The honest answer started a few years ago, living in Melbourne, watching people around me pay premium prices for software tools that had mediocre Chinese alternatives — or no alternatives at all.
What Living Abroad Actually Teaches You #
I’ve lived in both Australia and Spain. Not as a tourist — actually living there, using local apps, watching what people around me paid for, and noticing what was missing.
A few patterns kept showing up:
The gap isn’t about quality — it’s about distribution. Chinese developers build genuinely good tools. But they’re invisible to Western users. The App Store discovery problem is real, and most Chinese indie developers have no idea how to solve it for overseas markets.
Local users have different tolerance for friction. Australian and European users will pay for software that respects their time. They expect clear pricing, privacy-conscious design, and support that responds in their timezone. These aren’t hard requirements — they’re just ignored by most developers building for overseas markets from the inside.

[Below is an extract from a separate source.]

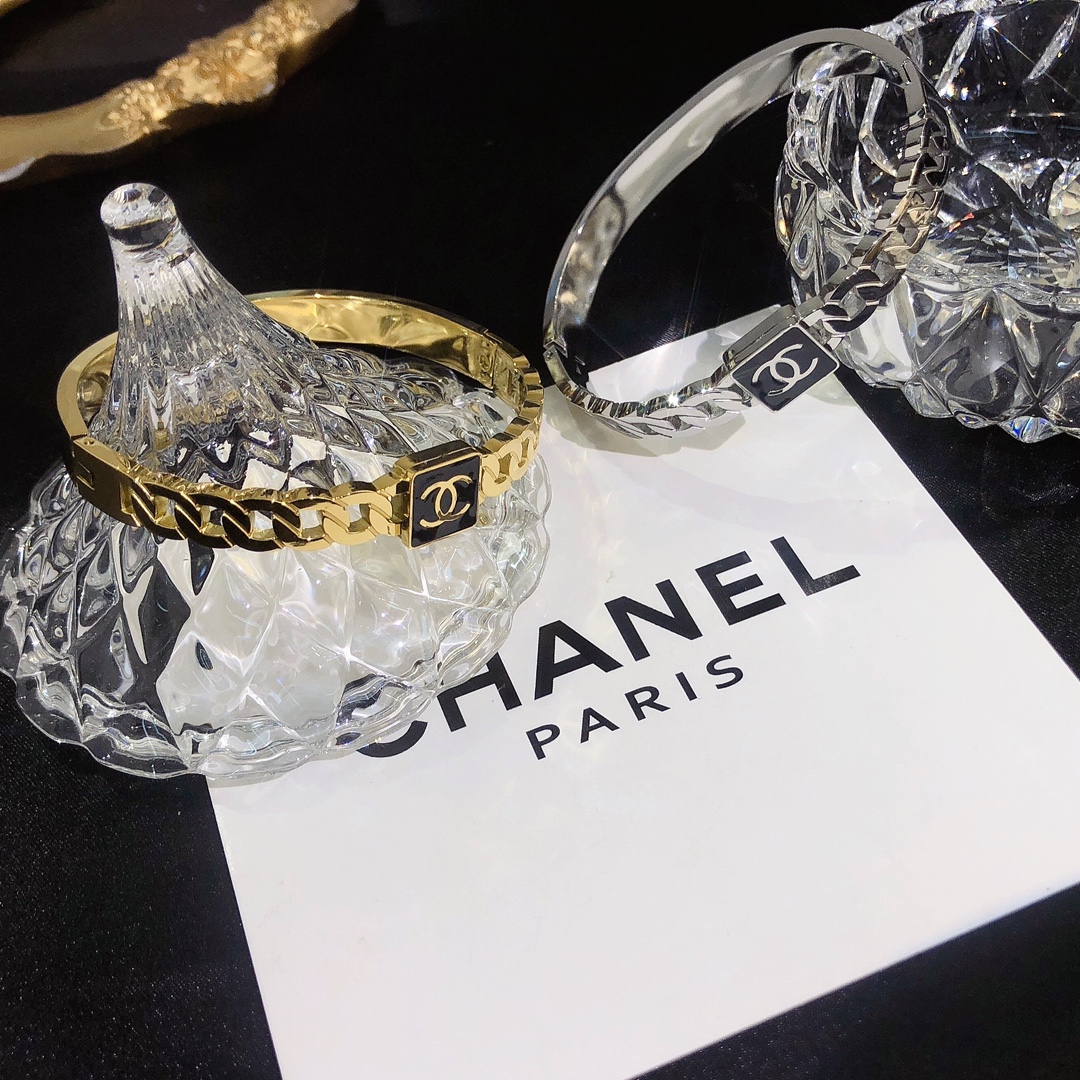 Replica CHANEL Bangle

AI search is creating a new discovery channel. This is the part most developers are still missing. In 2026, a growing share of app discovery starts with a question to ChatGPT or Perplexity — not the App Store search bar. “What’s the best app for X?” is now an AI query. The apps that show up in those answers aren’t necessarily the most downloaded. They’re the ones with the most trustworthy, well-structured content around them.
Why I’m Doing This Without Experience #
The obvious question: if you’ve never shipped an app for overseas users, what makes you qualified to write about it?
The same reason anyone documents a process publicly — I’m going to learn it, and the learning is more useful shared than kept private.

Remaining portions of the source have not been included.